Opinión
La Jornada
29/12/2025 | Ciudad de México
De acuerdo con una encuesta de la Organización Internacional para las Migraciones (OIM), las políticas antimigratorias impuestas por la administración Trump en Estados Unidos han provocado un incremento de las personas en movimiento que permanecen en México por largos periodos, pero en su mayoría no disponen de un documento que les permita una estancia regular en nuestro país. De un total de 548 extranjeros encuestados, 72 por ciento dijeron no tener un permiso de residencia.
Por su parte, Giovanni Lepri, representante saliente del Alto Comisionado de Naciones Unidas para los Refugiados (Acnur) en México, resaltó que el país “se ha vuelto de asilo” que “ha brindado a personas refugiadas una segunda oportunidad, la posibilidad de reconstruir su vida”, si bien tiene ante sí el desafío de consolidar una política pública “estable, sostenible y efectiva” para responder a las necesidades de las personas en movilidad que han salido de sus lugares de origen por amenazas, violencia o persecución.

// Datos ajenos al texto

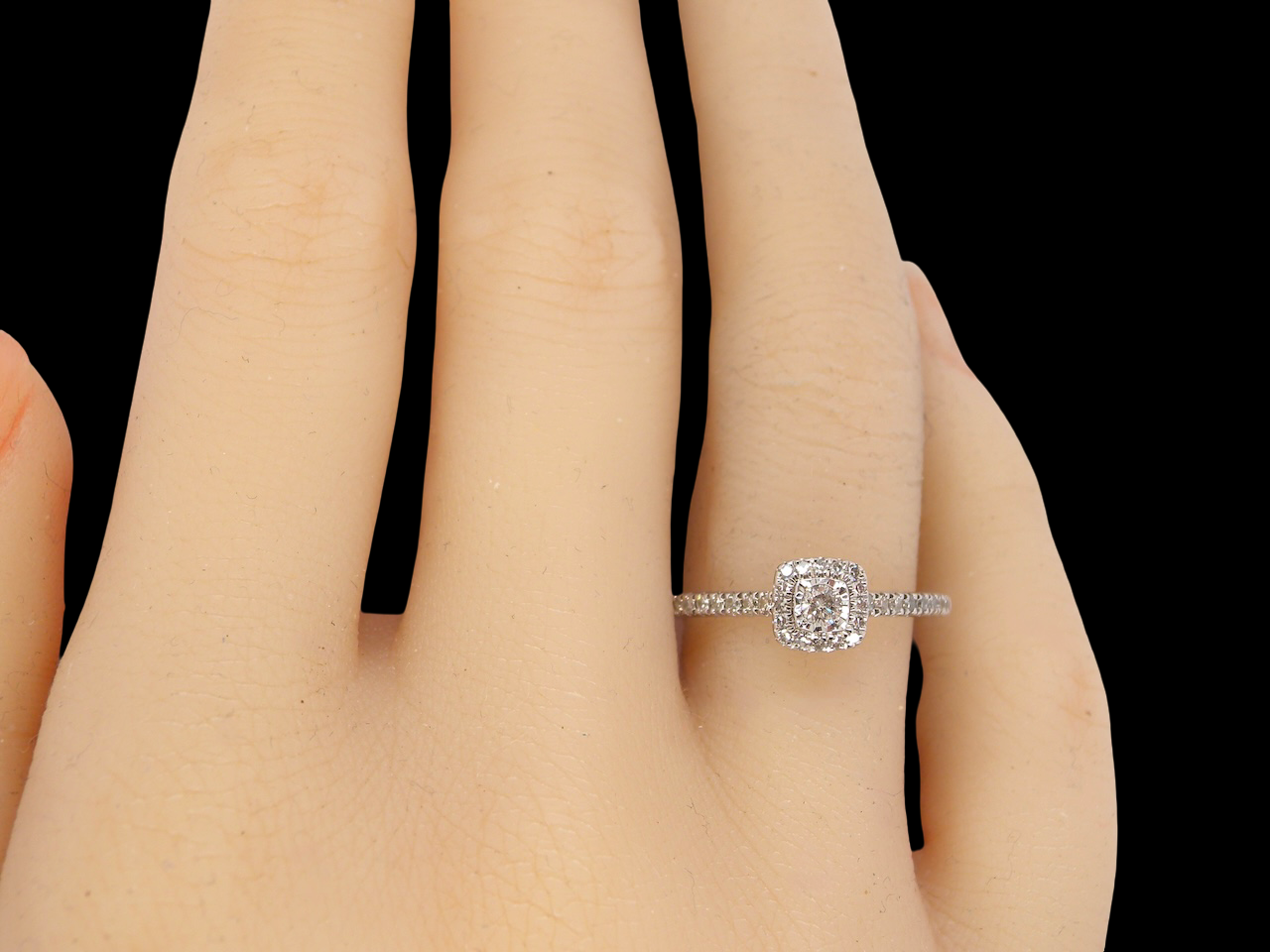 hand A 9 carat white gold Diamond halo ring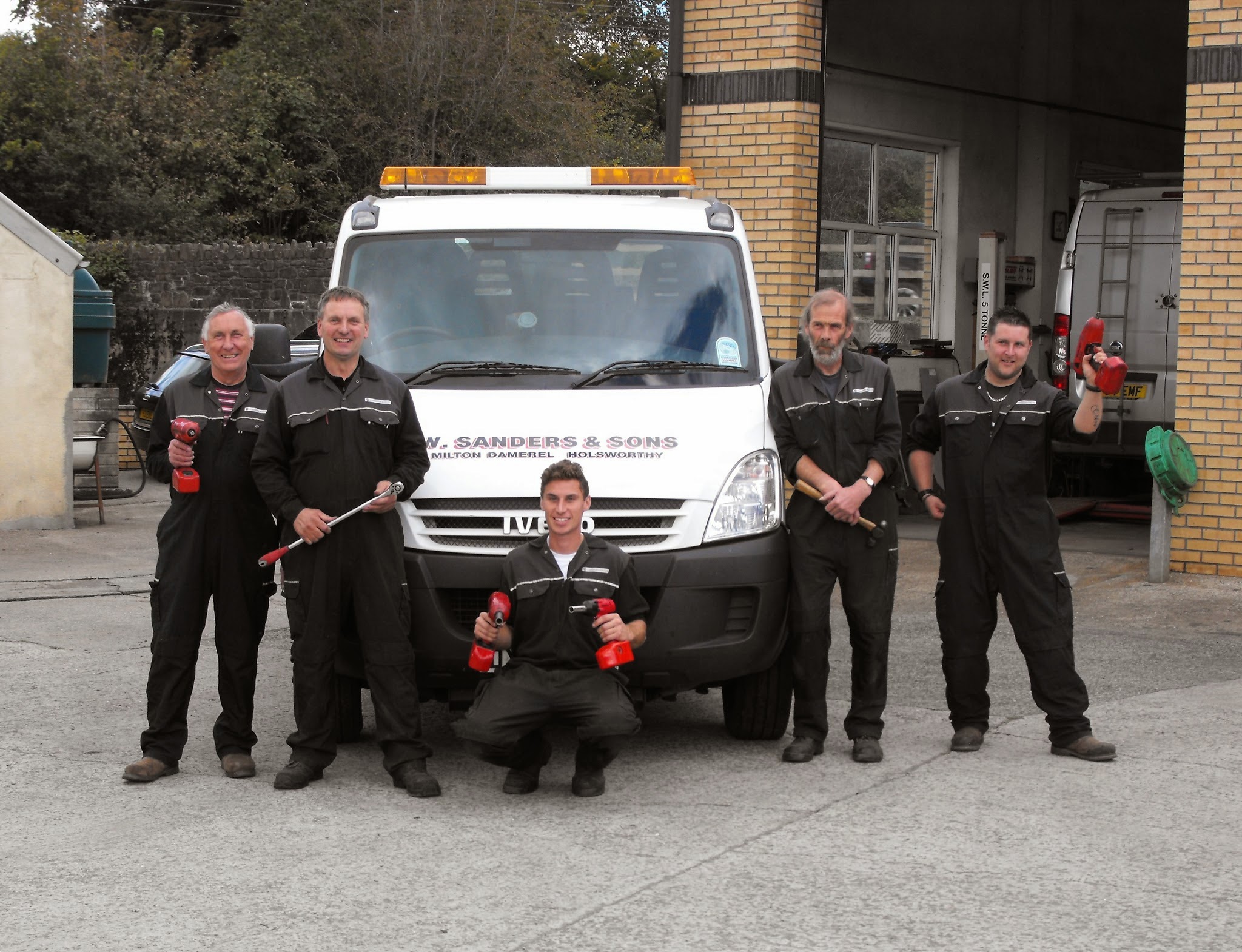 The W Sanders & Sons mechanics in their overalls in front of the recovery truck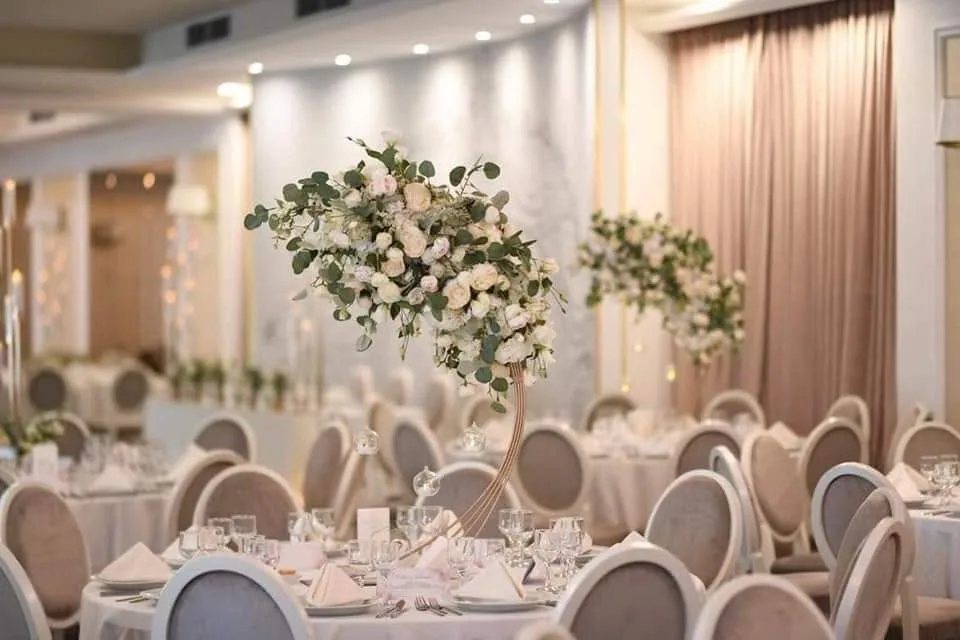 Aranjament floral asimetric suspendat deasupra mesei, sală de banchet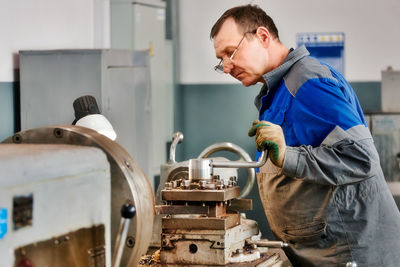 Young man working in workshop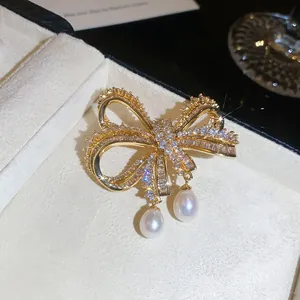 HD close-up van een luxe zirkoon strikbroche met twee elegante druppelvormige parels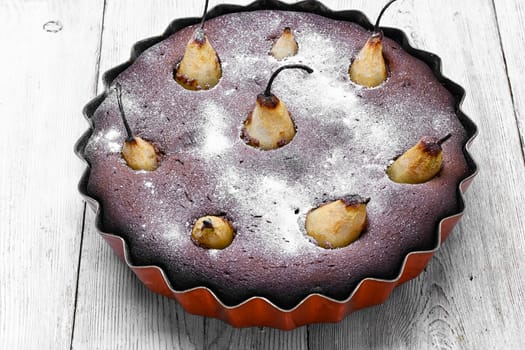 Baked sweet cake with whole pears in baking dish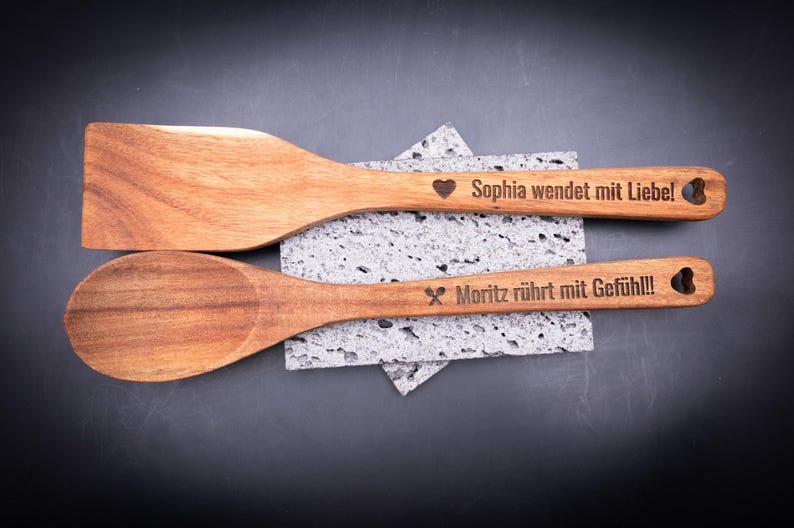 Flach gelegtes 2er-Set gravierter Kochlöffel aus Akazienholz mit Personalisierung. Gravuren „Sophia wendet mit Liebe!“ und „Moritz rührt mit Gefühl!!!“ mit Symbolen und Herzloch im Griff. Perfektes Geschenk für Kochfans, Paare oder Familien – nachhaltig, stilvoll und mit individueller Gravur.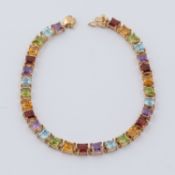 A 9ct yellow gold line bracelet set with square cut multi-colour gemstones to include peridot,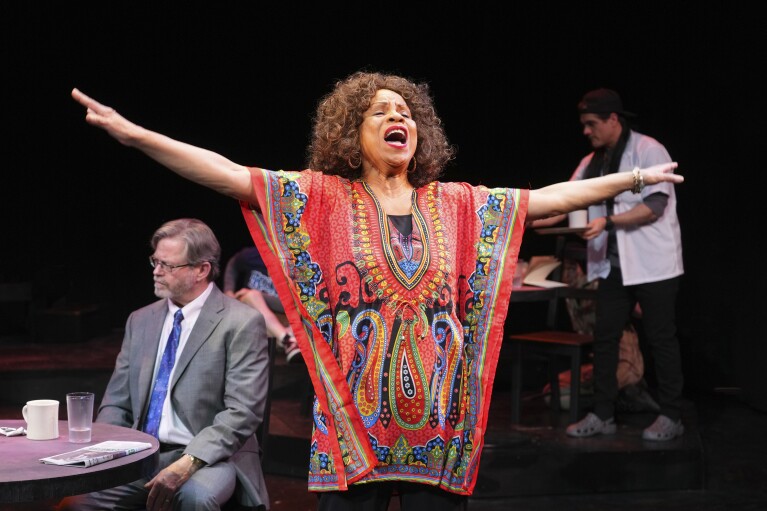 This image shows Burnadair Lipscomb-Hunt during a performance of "American Rot," playing through March 31 at the Ellen Stewart Theatre in New York. (Steven Pisano/Sam Rudy Public Relations via AP)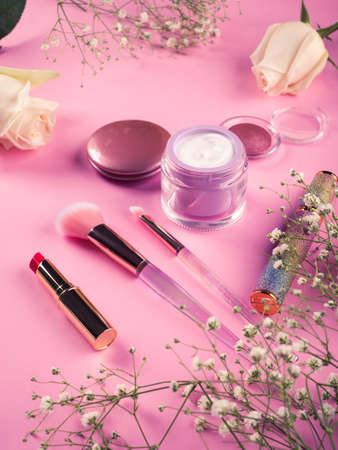 Shiny make up products and accessories on pink background with flowers. Trendy holographic brushes.の写真素材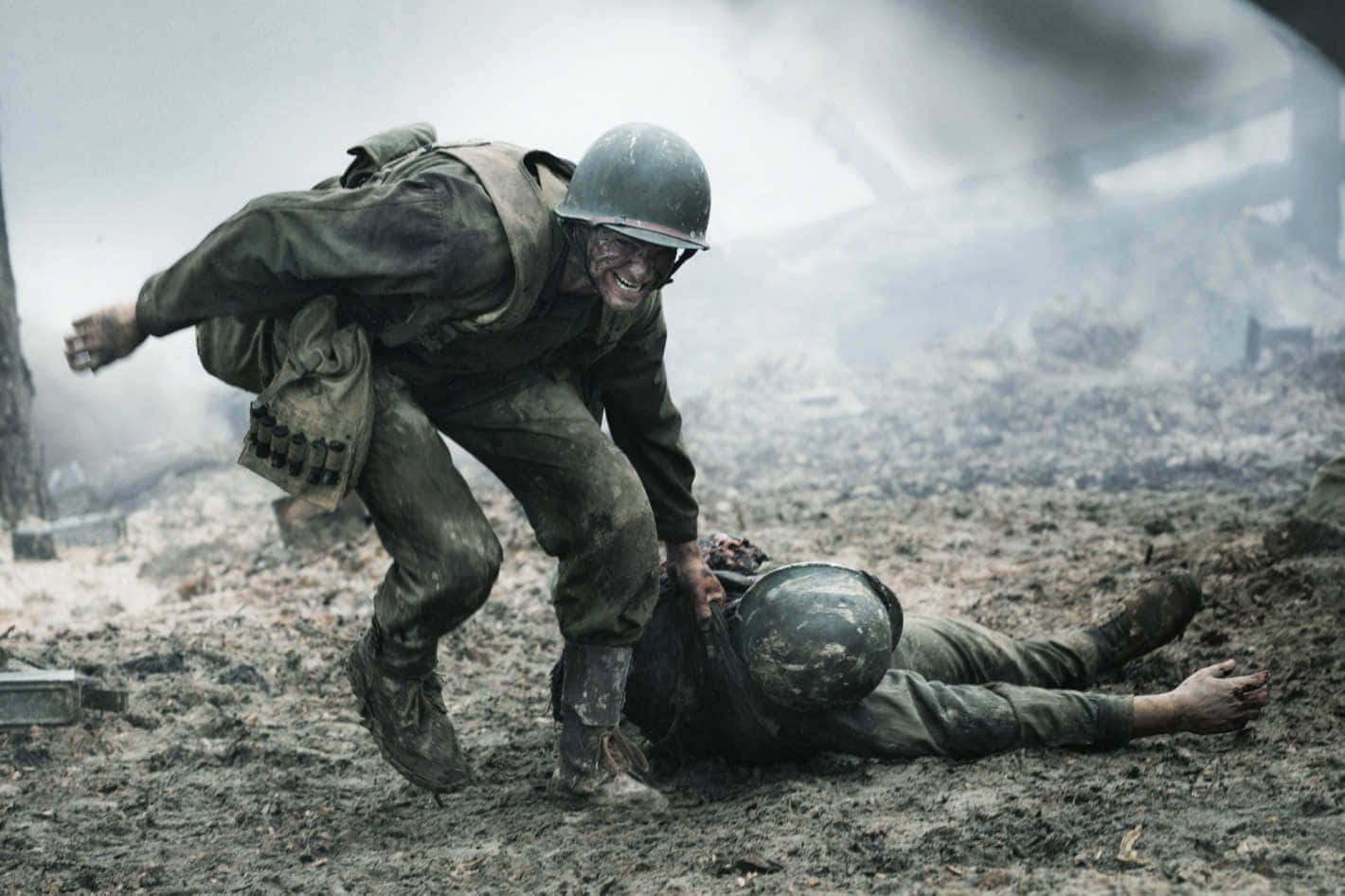 A Soldier Is Laying On The Ground With A Helmet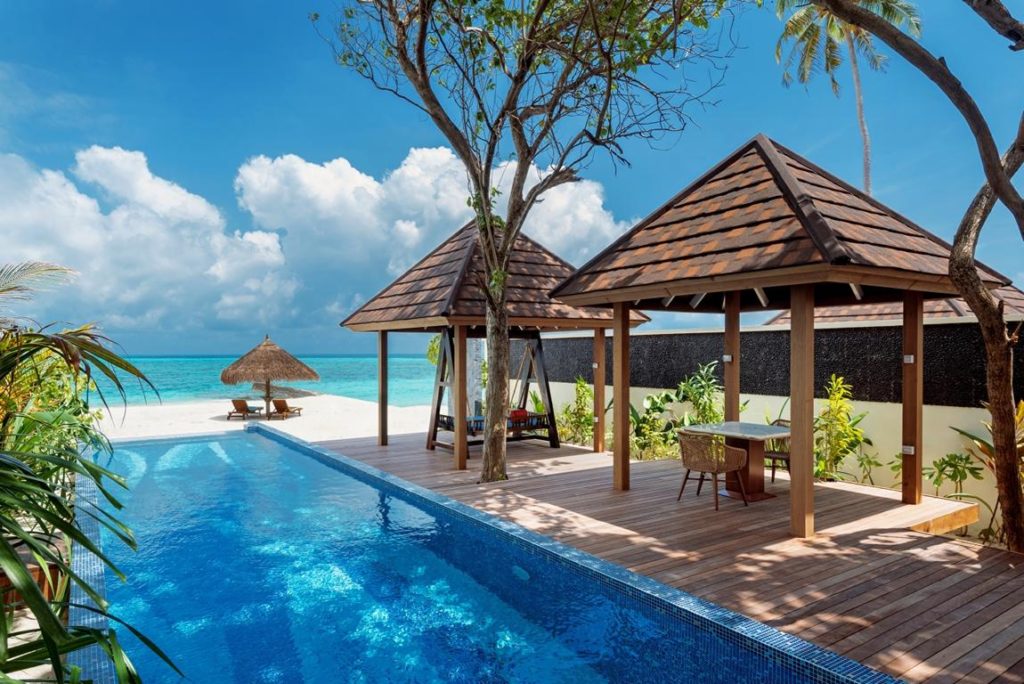 atmosphere kanifushi maldives grand pool villa pool view catmosphere hotels resorts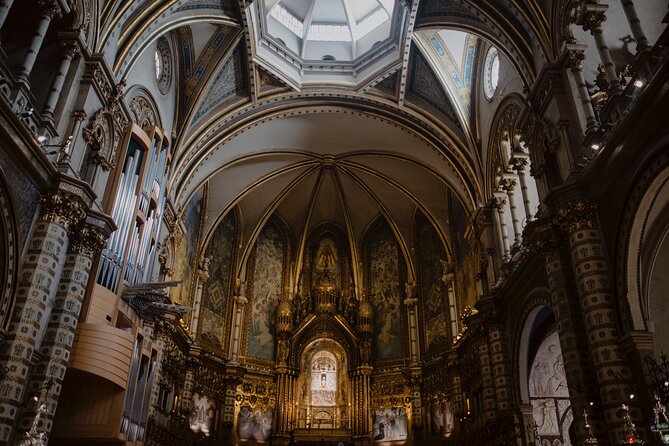 Montserrat Monastery Half Day Experience from Barcelona - Entering the Basilica and approaching La Moreneta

Ciertamente, la condición nacional como territorio de asilo, refugio y acogida se funda en una larga tradición histórica que ha permitido a innumerables personas escapar de guerras, de regímenes represivos, de situaciones de violencia generalizada y del hambre.
Momentos estelares de esa tradición son la recepción de oleadas de libaneses que no querían vivir bajo el Imperio Otomano, de decenas de miles de republicanos españoles que escaparon de su país durante y tras la guerra que culminó con la instauración de Francisco Franco como dictador y de judíos europeos que huían del genocidio emprendido por la Alemania nazi. Más tarde, en la segunda mitad del siglo pasado, México recibió a un sinfín de centro y sudamericanos perseguidos por las dictaduras militares que Washington instauró en el subcontinente. Ya en el siglo XXI, el cierre de fronteras y la persecución de migrantes que han caracterizado a los dos periodos de Donald Trump en la Casa Blanca han hecho que miles de personas que buscaban establecerse en Estados Unidos hayan convertido su tránsito por México en una estancia más duradera.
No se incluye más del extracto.